For Ted Lasso, that’s being kind, generous, forgiving, compassionate, and not being judgmental. It’s giving second chances and not sweating the small stuff, something he conveys in his typical witty Midwestern way when he says, “You know who the happiest animal in the world is? A goldfish. Why? It’s got a 10-second memory.” 

It’s also knowing you’re human and going to mess up. In Ted’s world, that’s a-okay as long as you learn the lesson. (Note to self: 1. Be polite the next time I call Comcast’s help line. 2.  Don’t flip other drivers the bird when they cut me off.)

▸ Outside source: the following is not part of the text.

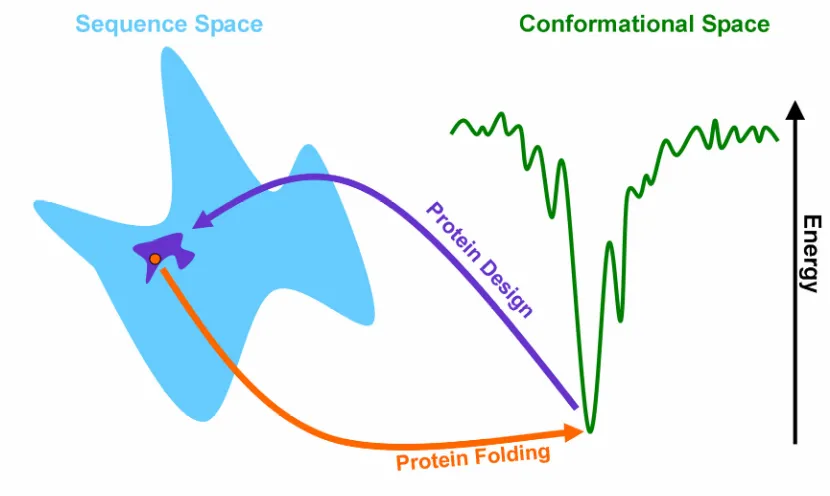 Fig. 1-1:  Inverse Protein Folding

I don’t think Ted Lasso is going to solve the world’s crises, but if each of us can be just a little bit more like him, and hopefully, a lot more, even if this means getting out of our comfort zone – a real challenge sometimes – maybe we can be the change we wish to see in the world, as Mahatma Gandhi said. And maybe one day, with each ‘right’ action tilting the globe in an ever more loving, unified direction, humankind will achieve world peace.

This is what I choose to believe. And that’s why this year I have only one New Year’s resolution: when I’m feeling emotionally charged and on the verge of making a bad decision, or I simply don’t know which way to turn, to take a moment and ask myself, what would Ted Lasso do?